Hurray!!! (Claps wildly as she jumps up and down… – about the progress w/BB) Although I’m sorry to hear about the label issues.
Can you get gold surface labels that you can print black letters over? although I’m sure you’ve already explored that option or you wouldn’t be looking to outsource the work.
Anyway – I wanted to comment also about JE – I think of it as a “gentle chypre” because the dryness is more an accent/hint in the background of the drydown rather than the overall impression like the big chypre fragrances. That’s why I love it so – it doesn’t get in the way of the beautiful florals that makes this fragrance sing for me. You know it’s among my favorites of your creations, yes?
a:)

Reply
Laurie June 7, 2010 - 5:38 pm

Hi Ann!

Just testing BB again this morning. I like the new light green note and could probably make it stronger. I like the drydown. Not happy with the earlier phases yet. For some reason certain combinations of OB, sandalwood, aldehyde, hedione, and ylang seem to cause to a slight hint of a sour note. It’s subtle but I need to track it down. It’s not quite what I’d call sour but sort of that direction and is bothering me. I wonder if it’s just me, but I’ll see if I can figure it out. When I reduce the sandal to just a whisper and use cedar instead, it goes away. But I’d prefer a sandal drydown if possible. If I take out the aldehyde it may go away, but that little touch of aldehyde was adding lift and juiciness. I’ll play with it later today. It’s so close, darn it! I’m obsessed with it at the moment.

Glad you’re enjoying the JE! Thanks! 🙂 I think of JE as gently chypre too. The base is softly woodsy and green but not a heavy moss/patch/animalic type of base that a more classic chypre would have. On the other hand, it uses real moss and doesn’t amp up patchouli in its place like some more modern chypres.

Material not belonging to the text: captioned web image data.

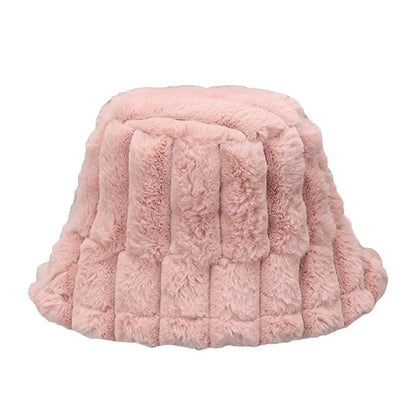Women Faux Fur Winter Panama Fisherman Bucket Hat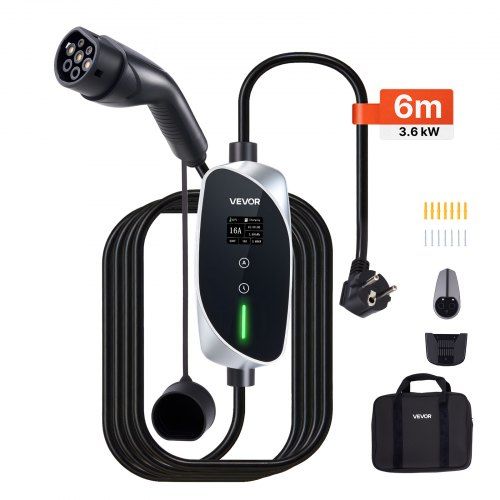 Mobiele 3,6 kW Type 2 Wallbox met 6 m TPU‑kabel – Flexibel thuisladen voor elke EV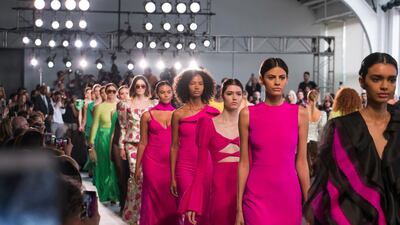 Month of September. Models walk the runway at the Christian Siriano fashion show as part of NYFW Spring/Summer 2018 on Saturday, Sept. 9, 2017 in New York. (Photo by Charles Sykes/Invision/AP)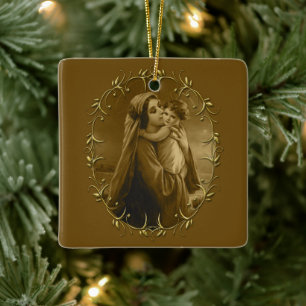 Jungfrau Mary mit Child Jesus, Goldrand Design Keramikornament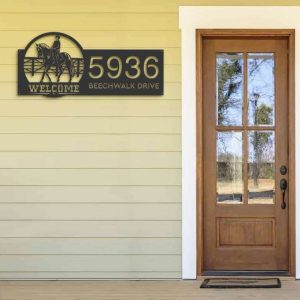 Personalized Horse Rider Welcome Address Sign House Number Plaque Custom Metal Sign 2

The gold foil sheets I can buy can only be printed with a laser printer and I have inkjet and thermal printers but not laser. I could buy a laser if that’d solve the problem, but the hard part is the cutting, not the printing. You either print first and then cut, trying to exactly hit the boundaries of the label around your ink, or you die-cut them first and then print, trying to get a printer that feeds them perfectly through each time to line them up with your die cuts. It must be possible for large runs because the tiny Serge Lutens mini bottles and tiny Chanel mini bottles have nicely aligned labels, but when I show those to my printers they say it can’t be done for smaller runs with less specialized equipment. I’d love to know what kind of equipment does those tiny labels for the big companies, but I suspect it is only available to print millions of labels. I have another idea to try though…

PS If anyone reading this has label experience with tiny labels and knows how to get them cut to be lined up perfectly (no unequal borders on the edges), I’d love hints.

Reply
malsnano86 July 8, 2010 - 2:10 am

Glad to hear that progression is happening on the BB – I’m so looking forward to it.